The paper introduces the Lakehouse architecture for data storage and analytics on open file formats. Their implementation provides comparable performance with better consistency by directly using the source data unlike the two-tier data lake + warehouse architecture which requires additional ETL and storage.
Architecture
It might not be evident in the figure but there’s usually a staging area where data is processed before loading it into a data warehouse.
Systems using the lakehouse architecture access and store data in an object store (owned by the customer) and run a transactional metadata layer on top to keep track of objects and which table they belong to.
The metadata layer enables safer access to the underlying data and allows multi-object updates (required since a single table is split across multiple files).
They don’t mention it in the paper but there’d be some kind of a catalog on top of the object metadata layer to track all the tables and their schema.
The data is stored using open file formats like Parquet or ORC.
Their implementation uses Delta Lake for metadata storage and the Delta Engine for execution.
Delta Lake stores the metadata as Parquet files in the data lake (object store) itself.

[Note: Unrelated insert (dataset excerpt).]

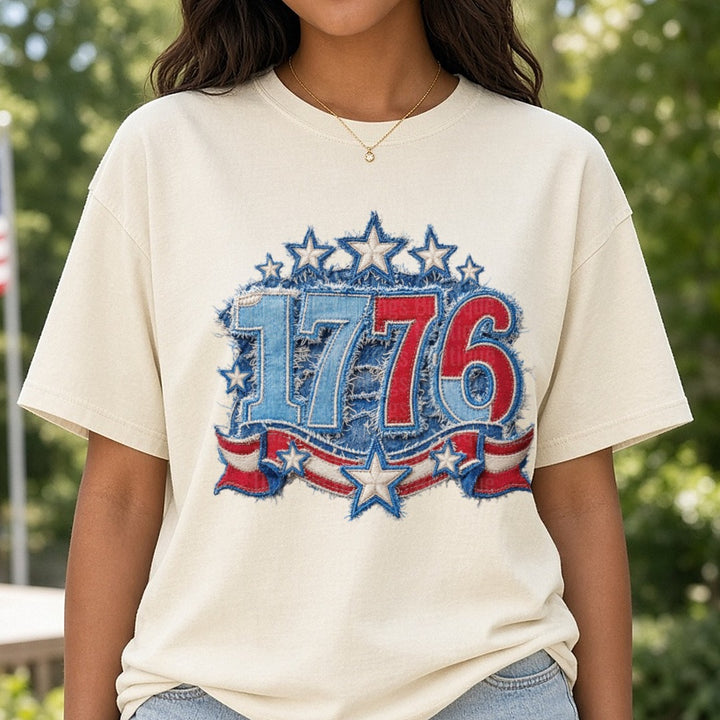 Vintage Distressed 1776 Patriotic Stars and Stripes Design DTF transfer shown on a Comfort Colors tee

For better performance, they maintain additional data on top of the cloud data lake. Their execution engine caches files (on SSDs, RAM) and maintains auxiliary data (like indexes and stats).
Apart from this, they also reorder records to cluster.
They use space-filling curves to reorder data which based on multiple parameters instead of just one. Space-filling curves provide a way to encode those multi parameters into a single value while preserving the closeness of those records for better ordering.
I’d suggest checking out Hilbert’s curve if you’re interested.
Evaluation
They’ve used the TPC-DS benchmark with 30TB of data (stored as Parquet files). Even in their own evaluation, the Delta Engine doesn’t do too well compared to one of the undisclosed vendors on test duration and cost for on-demand instances.
But, getting similar performance to data warehouses (that require additional storage, data pipelines and have a proprietary format) is definitely a win.
Discussion
While the paper mentions supporting multiple formats, as per current Delta Lake docs1, it only supports storage in Parquet files.
You can import CSV, JSON and other formats but Delta Lake would need to convert them to Parquet files first. While Parquet is more efficient for storage and easier to optimize for execution, I’d like to see support for more unstructured formats.
They also mention decompressing the Parquet data in cache for faster execution. Using the Arrow in-memory format could make reads faster for “hot data”.
I also came across Building a serverless Data Lakehouse from spare parts in which the authors implement the lakehouse architecture entirely with open source tools.
File and table formats seem standard now. With recent efforts in commoditizing the catalog2 and execution3 layer, the lock-in will eventually move from the infra to the overall platform. Hopefully, this leads to vendors focusing on better UX for business and data science teams.